Who does this task today, and what do they struggle with? Talk to the person. Understand where they lose time, where they make mistakes, and what information they wish they had faster.
What would "good" look like if this task were done perfectly every time? If you cannot describe the ideal output, you are not ready to build an agent.

A strong use case has three traits:

Clear inputs. The agent needs data to work with. If the data does not exist in your tables, connectors, or documents yet, start there first.
Defined output. You can describe what a correct response looks like, and you can tell the difference between a good one and a bad one.
Real operational value. Solving this problem saves time, reduces errors, or surfaces information that drives better decisions.

Example: A quality manager spends 30 minutes every morning pulling defect records, calculating yield, and writing a summary email. The data already lives in Tulip Tables. The output format is consistent. This is a strong use case. That is exactly what the Quality Report Agent does.

Define the goal before you write a single word of the prompt

A goal is not a feature description. It is a one-sentence statement that answers: What role does this agent play, and what value does it deliver?

Write the goal as if you are writing a job description for a new team member. Be specific about:

Who the agent serves. An agent for operators sounds different from an agent for engineers.
What the agent does. Use action verbs. "Summarize," "analyze," "generate," "guide," "review."
What the agent does NOT do. Boundaries matter. If the agent should not create records, modify data, or make assumptions, say that up front.

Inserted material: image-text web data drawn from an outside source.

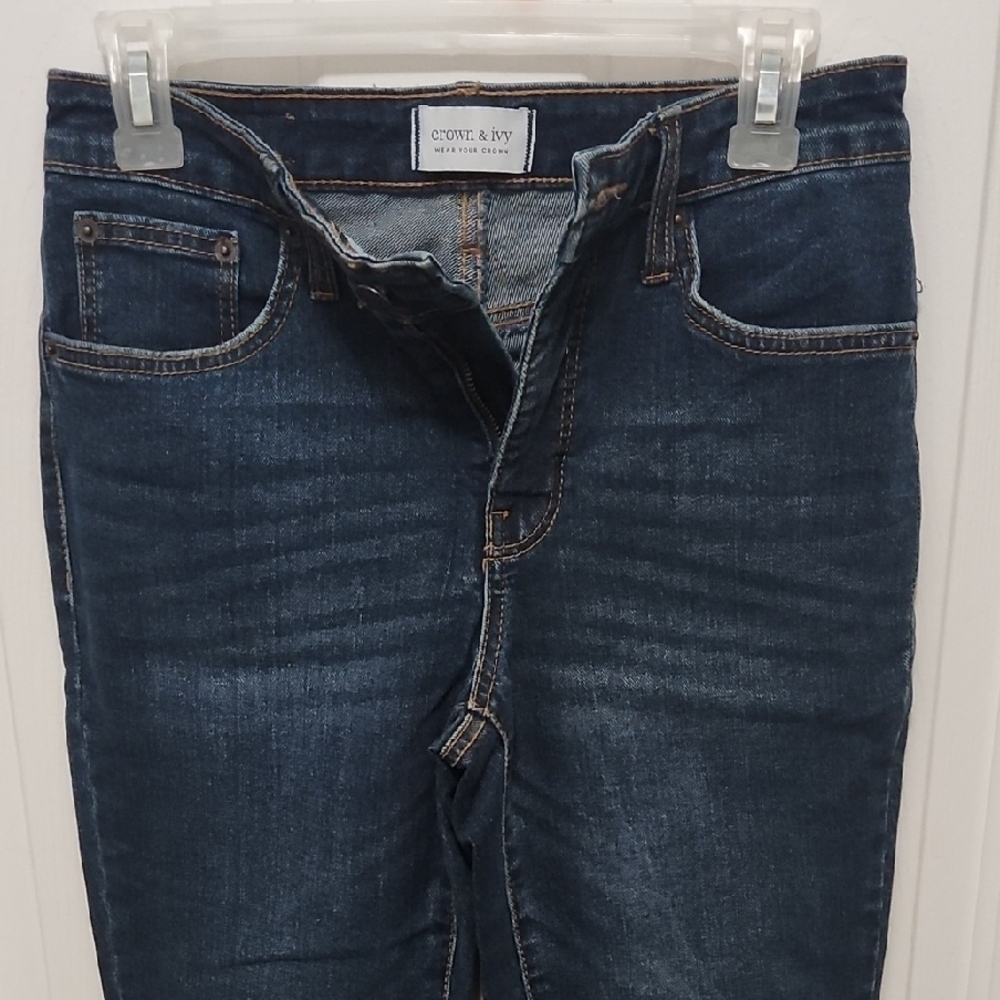 Crown & Ivy Blue Slim Jeans with Stretch and Fading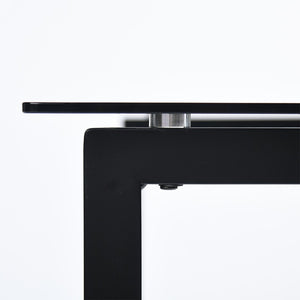 HomeRoots 55" Smoky Gray Glass Dining Table with Black Metal Sled Base - Modern Elegance for Any Space 568211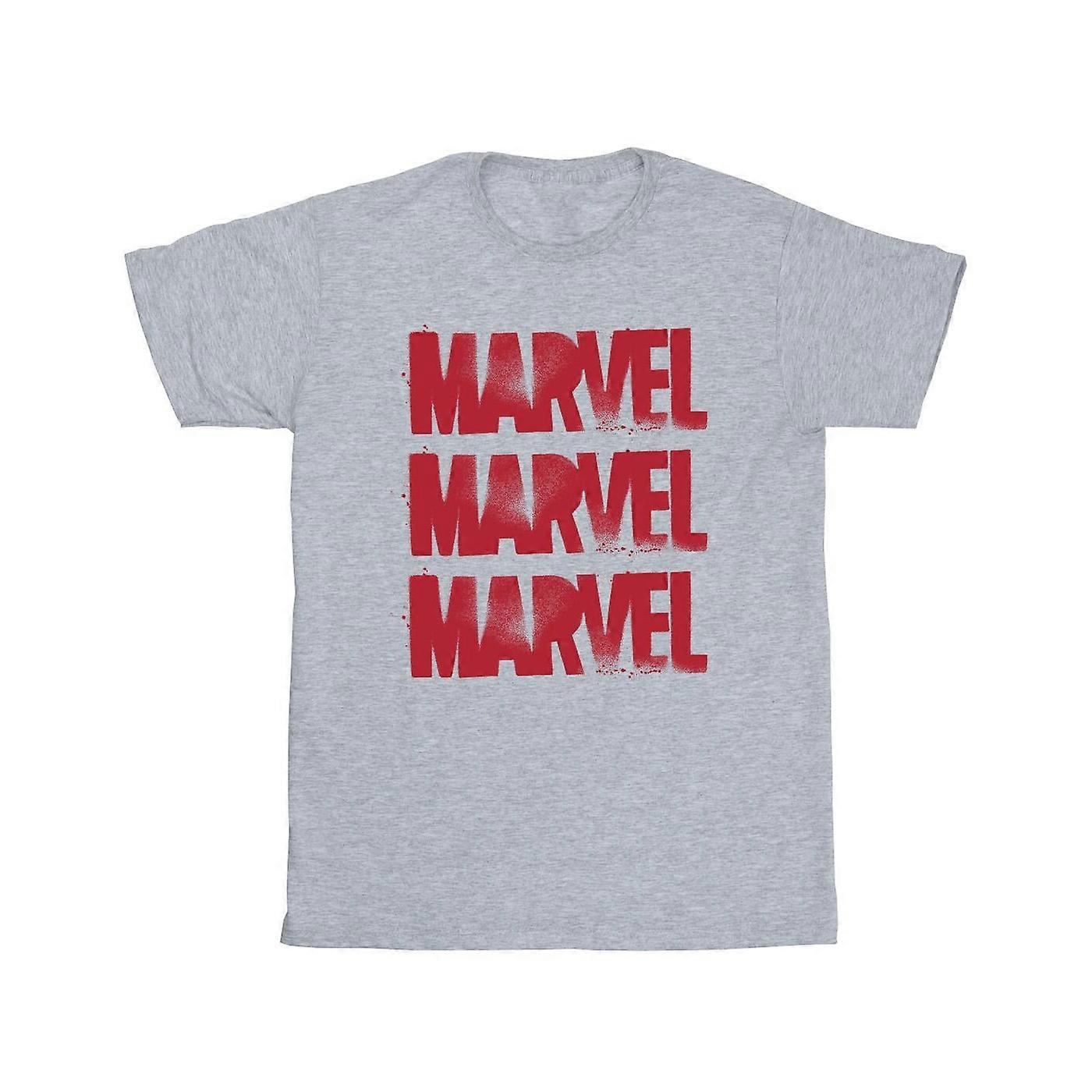 Marvel Hommes Red Spray Logos T-Shirt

Weak goal: "Help with quality stuff."

Strong goal: "Generate concise, data-driven daily quality summaries for manufacturing teams by analyzing production, defect, inspection, and action data for a specific date."

The difference is that the strong goal tells you exactly what success looks like. You can test against it.

Design the prompt like a set of work instructions

Think of your prompt the same way you think about work instructions on the shop floor. A good work instruction tells the operator:

What to do (task)
What information to use (inputs)
What the result should look like (outputs)
What rules to follow (constraints)
What to do when something goes wrong (edge cases)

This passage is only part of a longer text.